Supermarket Sweep
October 3rd, 2012 By JosephThe supermarket brings together a vast and different variety of different products and life which is prepared for human consumption in a way which has become a complex system of codes and conventions. These conventions are rarely considered by the consumer unless the delivery method is slightly changed. This is heightened by trying to purchase different products in different countries. For example, in Spain: fruit is weighted and measured by the consumer whom then organises the price tag from a ticket machine. This makes someone from a country where the convention is different to that experience the purchase in a whole new light.

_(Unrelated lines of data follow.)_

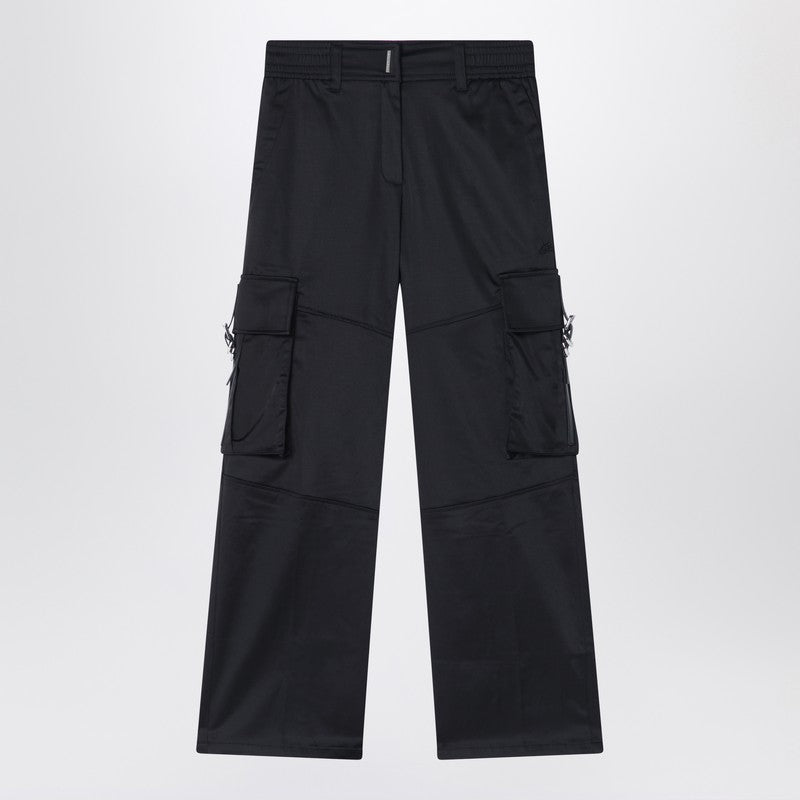 Black Cargo Pants In Cotton Blend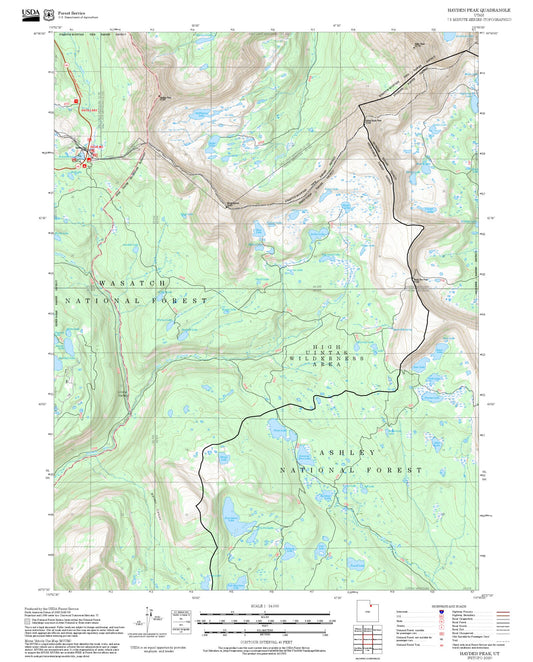 2025 Forest Service Topo Map of Hayden Peak Utah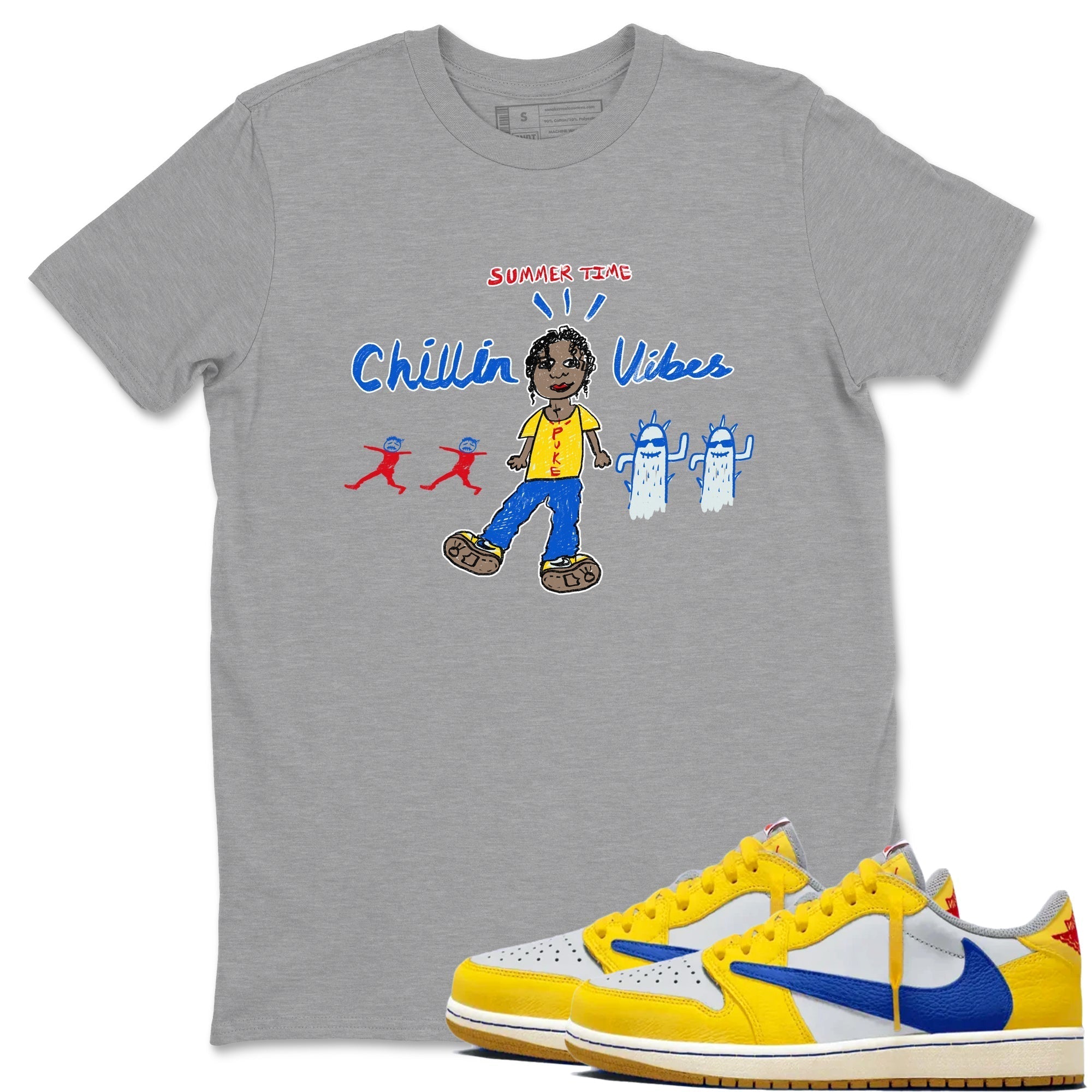 Chillin Vibes snkmatch Tees - Air Jordan 1 Travis Scott Canary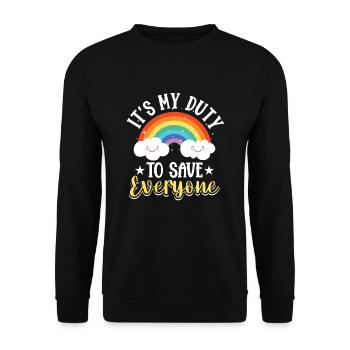 Vie Services sociaux Fonctionnaire - Sweat-shirt Unisexe - noir - Devant - Alina (178cm) & Michal (187cm)
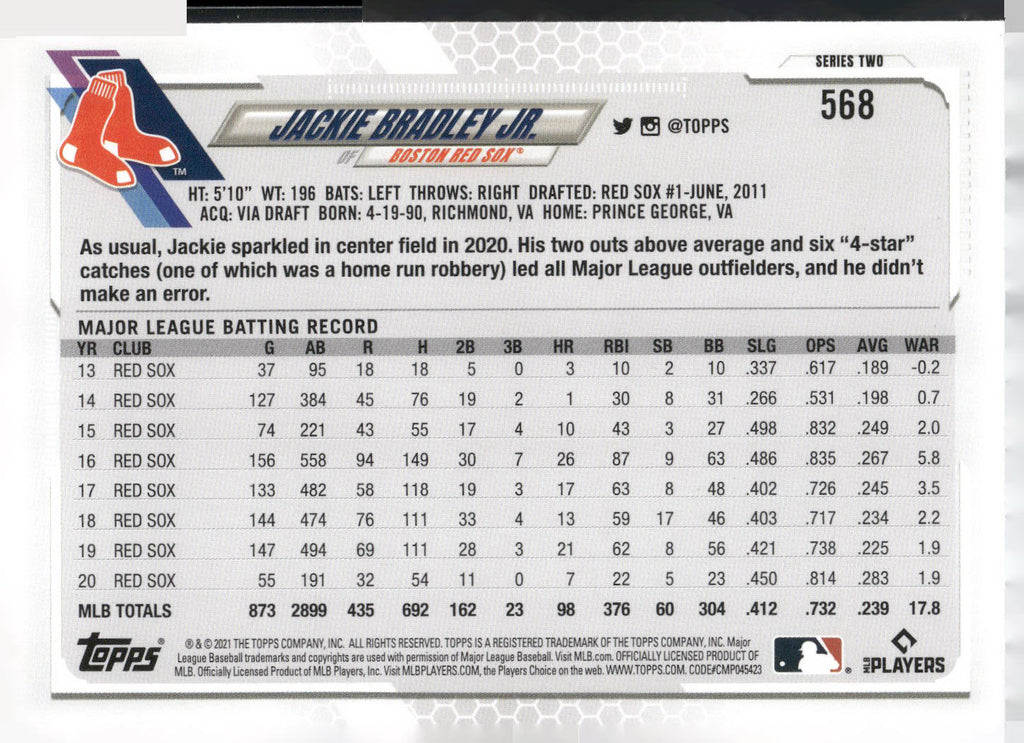 2021 Topps #568 Jackie Bradley Jr.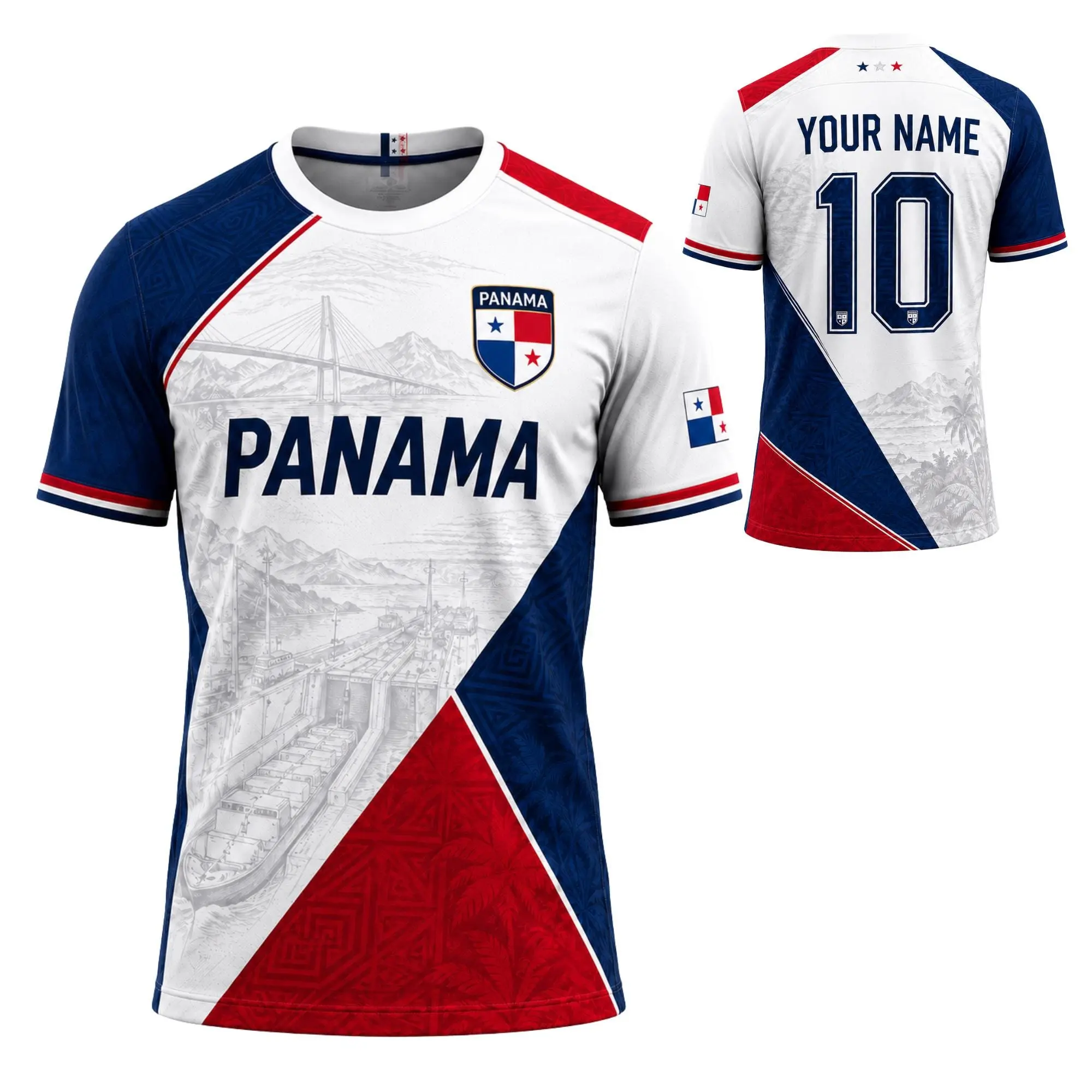 Panama Soccer Jersey, Custom Name Number Football Shirt, Personalized Panama Canal Graphic Tee, Los Canaleros Heritage Pride Gift, Unisex Athletic Top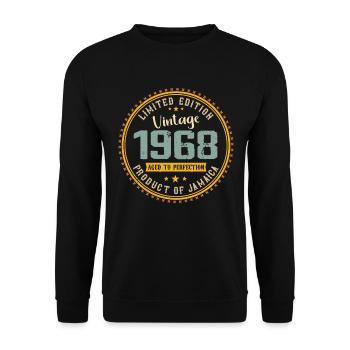 Jahrgang 1968 1968 Geburtstagsgeschenk - Unisex Pullover - Schwarz - Vorne - Alina (178cm) & Michal (187cm)
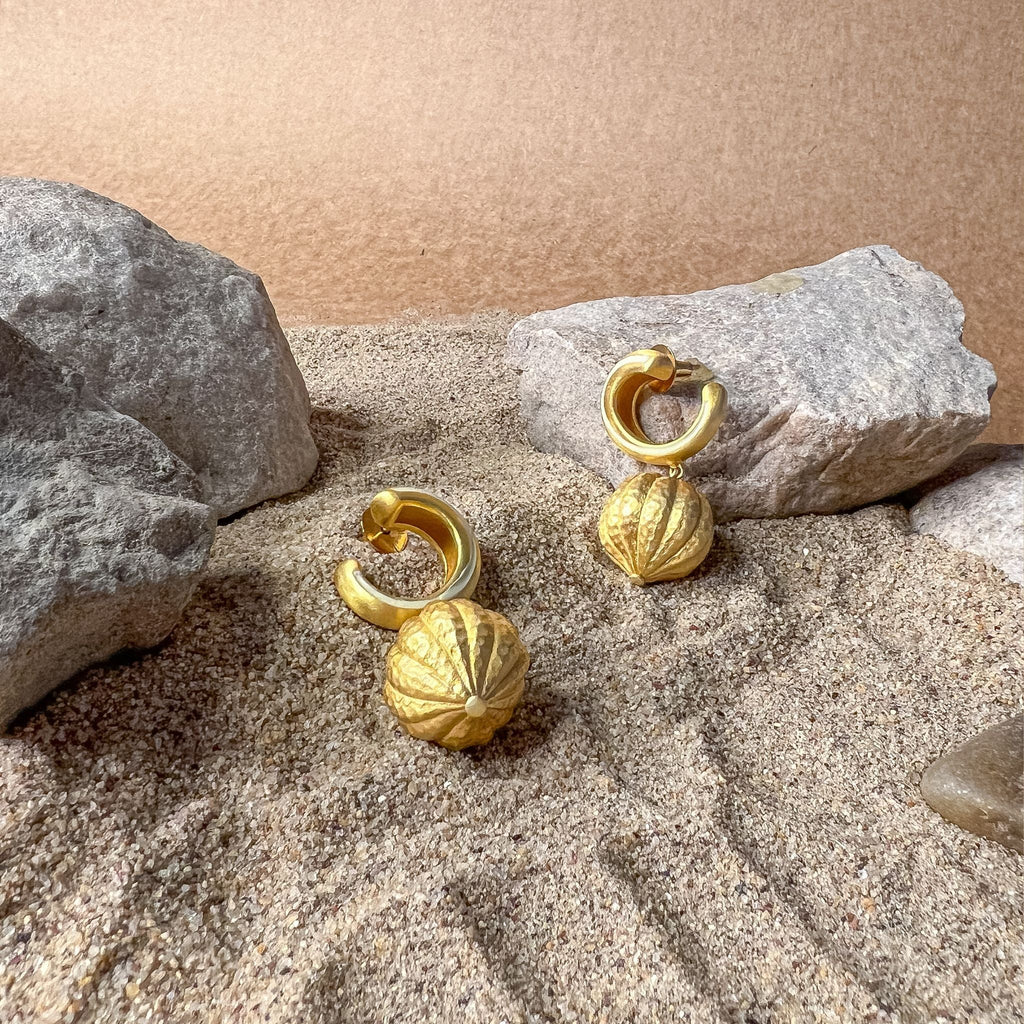 Swirl Enamel Drop Earring by The Loom Art with Long Earrings, Orbis by The Loom Art at Kamakhyaa for sustainable fashion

Supermarket Sweep attempts to take the environment of the supermarket and push this concept one step further. Key elements that can be changed are the different products, the staff and the customers themselves. Products can be changed by turning dead produce into live produce: In the eggs section, there will be a thousand live chickens, all running around inside a fridge display cabinet. In the vegetable section the veg will be still subterranean or live on trees, potatoes in the ground and grapes still on the vine. People would have to pick what they want as if they were farming it.
The key environmental components to be explored in this study are the customers and the staff which are substituted by actors, turing the supermarket into both a playground and theatre. Staff declaring undying love for each other on the public address system and asking other customers to find colleges for them to ask them to marry them. Customers having fights, arguments and general drama in the isles. People performing magic tricks in different food sections… like turning the eggs into chickens. Trolly races being declared on the public address that will be coming down certain isles and around certain corners. Juggling acts with tins of food.
Performers will then gather at the exit and hold out contribution boxes and thanking customers for attending the show, all in an attempt to change perception of the environment from that of a supermarket to anything but a supermarket.